AVAILABLE DATA
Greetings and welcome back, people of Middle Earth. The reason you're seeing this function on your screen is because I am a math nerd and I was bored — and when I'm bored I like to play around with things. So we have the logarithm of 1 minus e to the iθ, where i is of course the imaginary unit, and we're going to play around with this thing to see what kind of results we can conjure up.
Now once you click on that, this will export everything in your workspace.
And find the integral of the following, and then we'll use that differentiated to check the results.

WHAT THE TASK REQUIRES
Lines in the data holding the word "your": count them and say how many, nothing more.

FINISHED EXERCISE
2